Your bevelled edge looks a bit small to me, you can very quickly grind that away getting the right curvature.

Regarding the lifetime of a glass tile tool it depends on the relative working area compared to the mirror. You will remove roughly the same VOLUME of glass from both the mirror and tile, after all, the grit cannot distinguish which side to chip away at so will remove from both sides equally.. Consequently with a smaller area of glass on the tool the thickness that will be removed will be greater than the mirror, the less the glass area the more thickness lost.  Different materials for the tiles will have different thicknesses lost depending their relative hardnesses.
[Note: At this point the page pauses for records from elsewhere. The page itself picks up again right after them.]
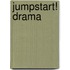 Jumpstart! Drama
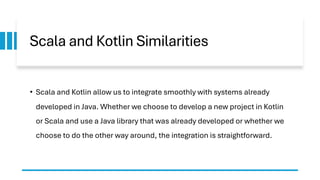 Scala and Kotlin Similarities
• Scala and Kotlin allow us to integrate smoothly with systems already
developed in Java. Whether we choose to develop a new project in Kotlin
or Scala and use a Java library that was already developed or whether we
choose to do the other way around, the integration is straightforward.
 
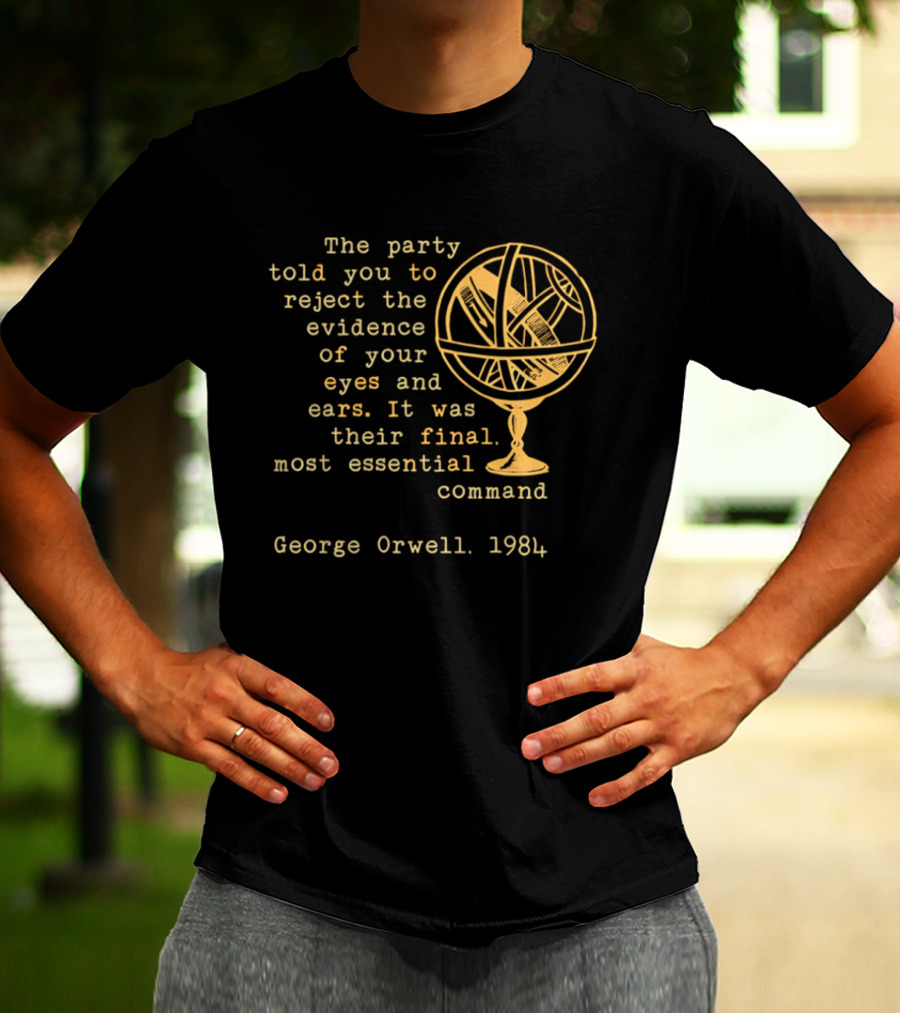 The Party Told You To Reject The Evidence Eyes And Ears George Orwell 1984 T-Shirt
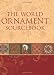 The World Ornament Sourcebook
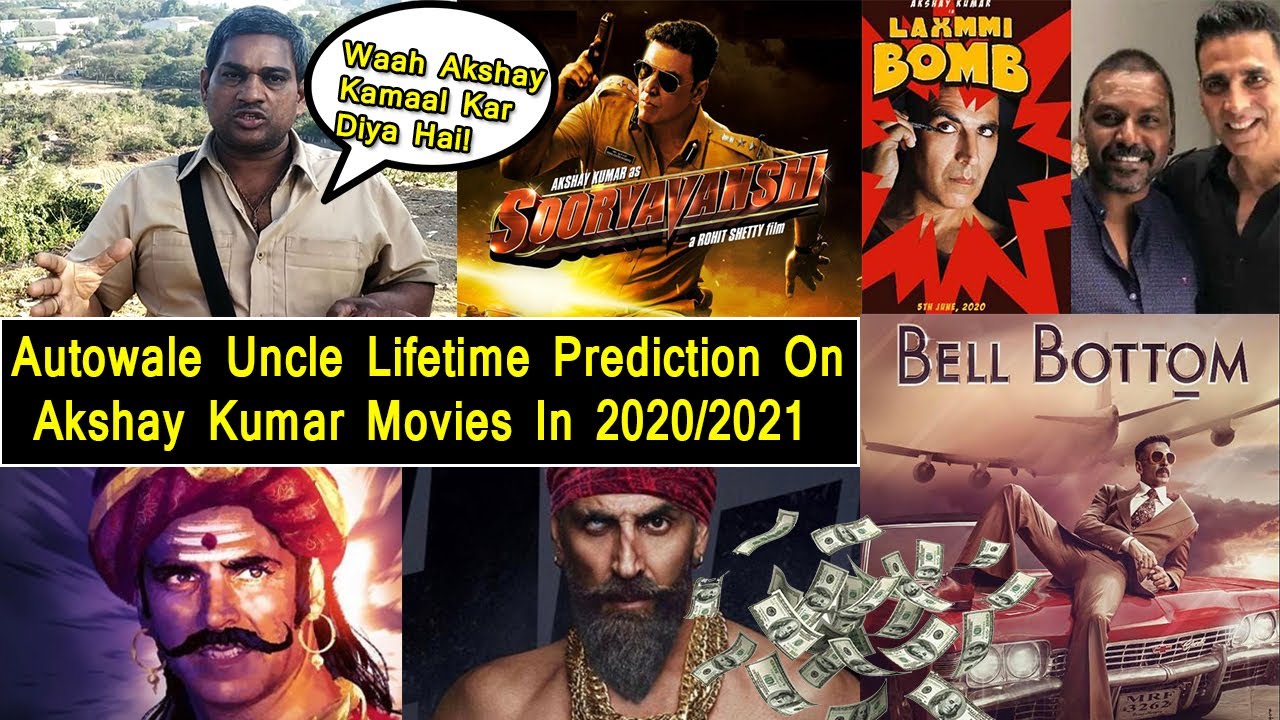 Autowale Uncle Prediction Of Akshay Kumar Movies In 2022 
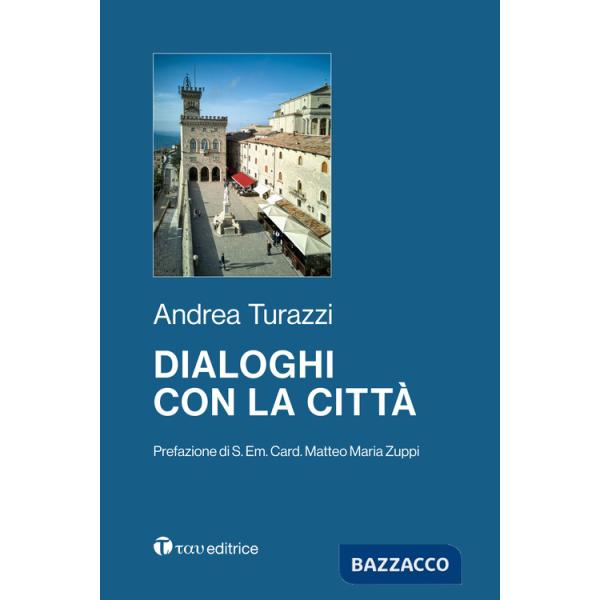 Dialoghi con la città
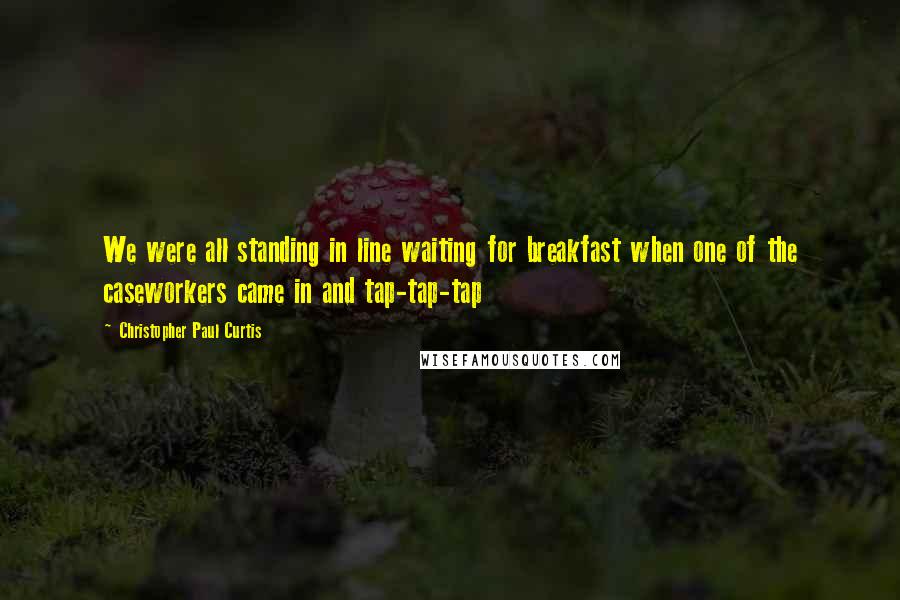 Christopher Paul Curtis Quotes: We were all standing in line waiting for breakfast when one of the caseworkers came in and tap-tap-tap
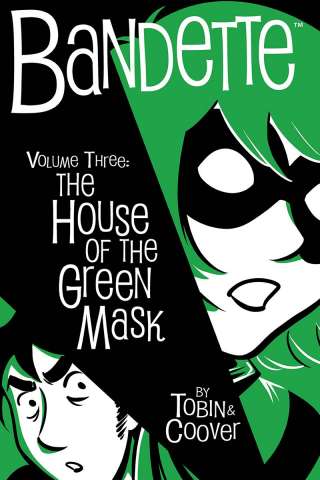 Bandette Vol. 3:  The House of the Green Mask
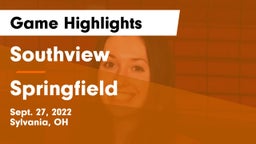 Southview  vs Springfield  Game Highlights - Sept. 27, 2022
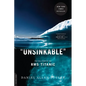 Unsinkable: The Full Story of the RMS Titanic - Paperback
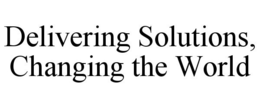 DELIVERING SOLUTIONS, CHANGING THE WORLD trademark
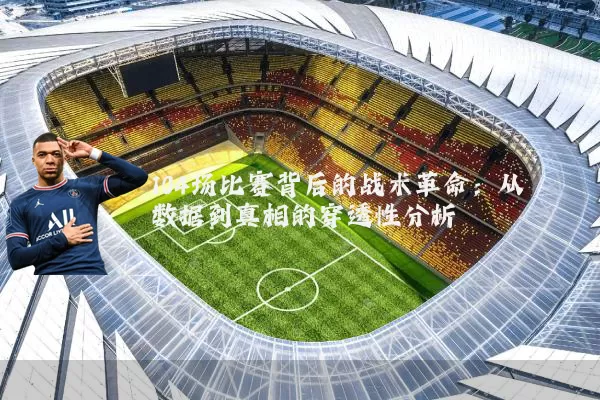 104场比赛背后的战术革命：从数据到真相的穿透性分析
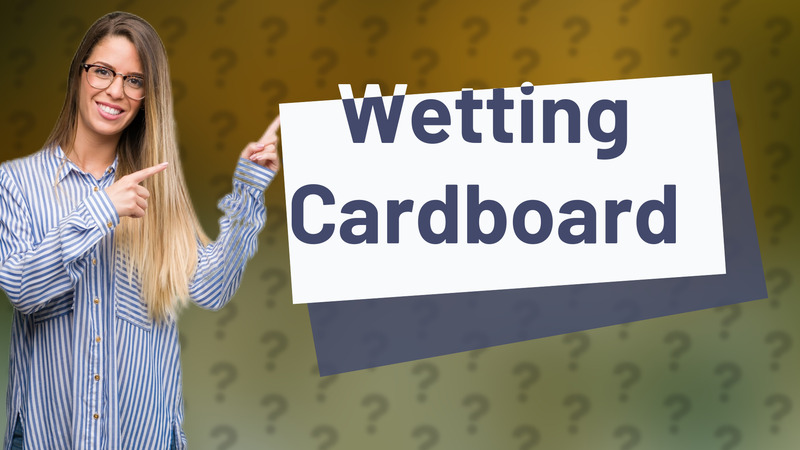 Wetting Cardboard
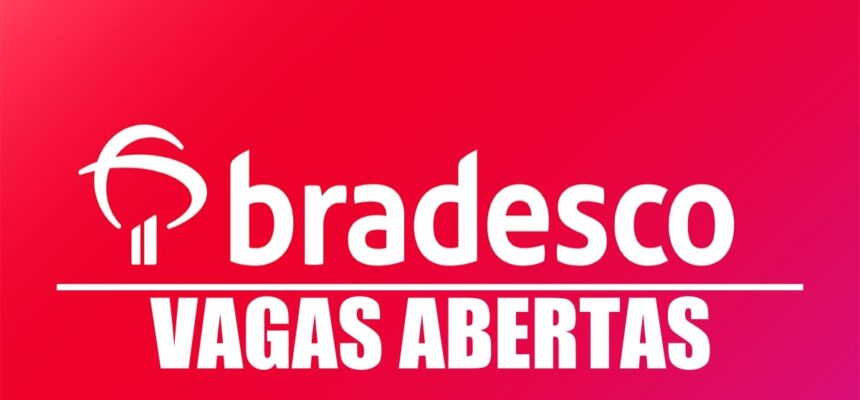 Bradesco vagas emprego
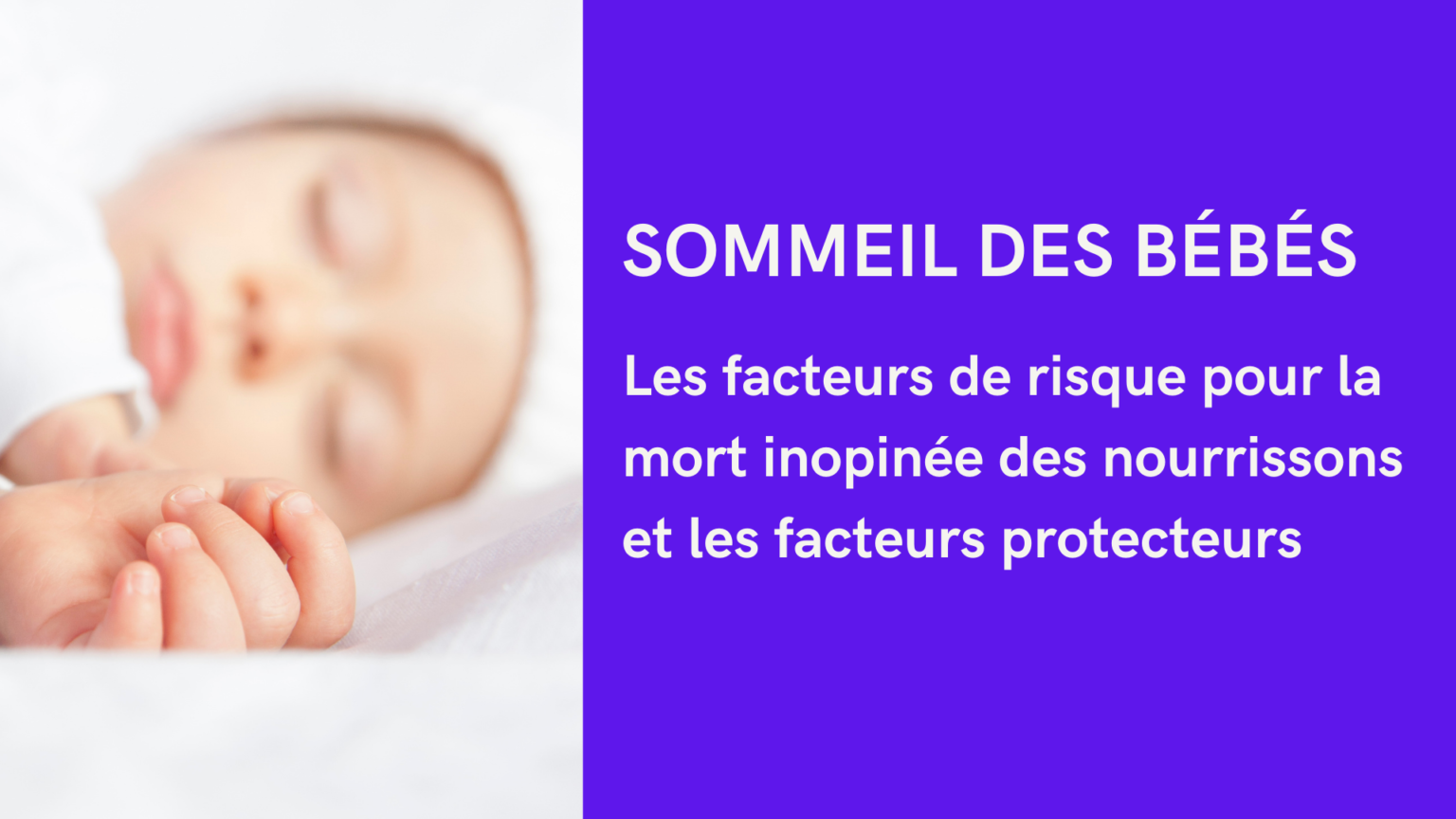 Sommeil des bébés : les facteurs de risque pour la mort inopinée des ...
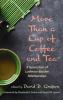 More Than a Cup of Coffee and Tea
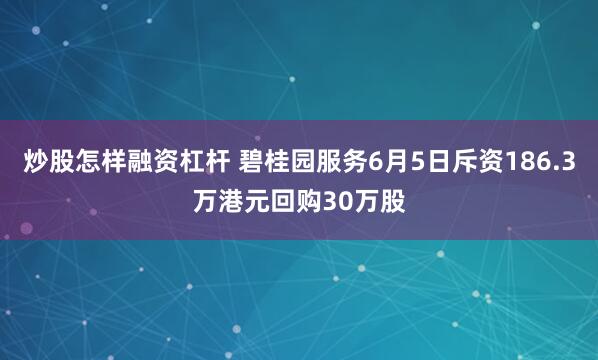 炒股怎样融资杠杆 碧桂园服务6月5日斥资186.3万港元回购30万股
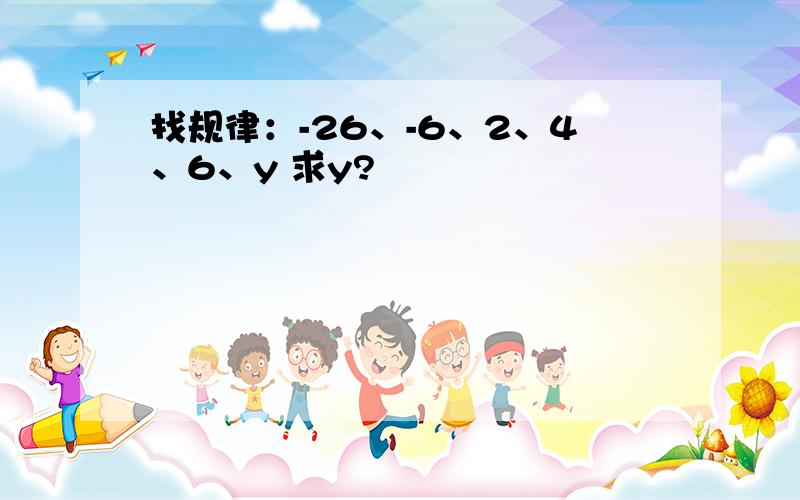 找规律：-26、-6、2、4、6、y 求y?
I have tried making an 8" f/5 mirror with 6mm thick glass tiled tool and needed a second tool as the thickness of the glass at the edge of the tool got so thin that I was concerned that those edge tiles would break up.

I have also tried using a 10mm thick glass disc as a stand-alone tool but that failed because the curvature of an 8"  f/5 took the mirror edge down to touch the retaining wedges before I got to the correct depth. Mounting it onto a plaster casting worked fine and I subsequently polished the tool to produce a handy 8" dia plano-convex lens with a focal length of about 56".

Nigel

That does indeed all make complete sense! I think from the sounds of it I should get away with it, but I do have a relatively low areal coverage on the tool. Will have to see how I do I suppose. I've practiced my glass-breaking and I can do smaller bits for the next tool, should it be needed.

I'll refine the bevelled edge - I haven't touched it since I put it on initially. Also going to cut some channels in the tool with a Dremel and a diamond disc. Cleaning it for the finer grit is going to be painful - starting to really see the value in making a plaster disc, sticking glass onto it and using wax as a surface, I think.